Le choc de la peur de la mort me fit immédiatement investiguer, ou « introvertir ». Je me dis à moi-même mentalement – c’est-à-dire sans proférer les mots : « Maintenant la mort vient. Qu’est-ce que cela signifie ? Qu’est-ce qui meurt ? Ce corps meurt . » Et de suite, je dramatisai la scène de la mort. J’étendis mes membres et les tins rigides, comme si rigor mortis s’en était saisie. Je donnais au corps un air de réalité mortuaire afin de poursuivre mon investigation. Je retenais mon souffle et gardais la bouche fermée, serrant fortement les lèvres afin qu’aucun son ne s’échappe. « Ne laissons pas le mot “je” ou aucun autre être prononcé ! Bien », me dis-je à moi-même, « ce corps est mort. Il sera emporté tout raide au lieu de crémation et réduit en cendres. Mais avec cette mort du corps, suis-“je” mort ? Le corps est-il le “je” ? Ce corps est inerte et privé de vie.

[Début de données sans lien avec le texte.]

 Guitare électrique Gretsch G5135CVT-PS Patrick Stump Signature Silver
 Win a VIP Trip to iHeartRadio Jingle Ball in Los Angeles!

Mais je sens la pleine force de ma personnalité et même le son “je” en moi-même – à part du corps. Aussi “je” suis un esprit, une chose transcendant le corps. Le corps matériel meurt, mais l’esprit le transcende et ne peut être touché par la mort. De ce fait, je suis l’esprit immortel . »Tout cela n’était pas le fruit d’un simple processus intellectuel, c’était une vérité qui m’apparut avec une grande force, quelque chose qui fut perçu immédiatement, presque sans avoir à argumenter. Le « je » était quelque chose de très réel, la seule chose réelle dans cet état, et toute l’activité consciente qui était liée à mon corps était centrée sur cela. Le « je » ou mon « Soi » retenait tout le centre de mon attention par une puissante attraction.
La peur de la mort avait totalement et à jamais disparu. L’absorption dans le Soi a continué dès cet instant et jusqu’à ce jour. D’autres pensées peuvent venir et repartir comme les diverses notes d’un musicien, mais le « Je » demeure comme la base ou la note tonique [ shruti ] fondamentale, laquelle accompagne et unit toutes les autres. Que le corps soit engagé à parler, lire ou autre, j’étais toujours concentré sur le « Je ».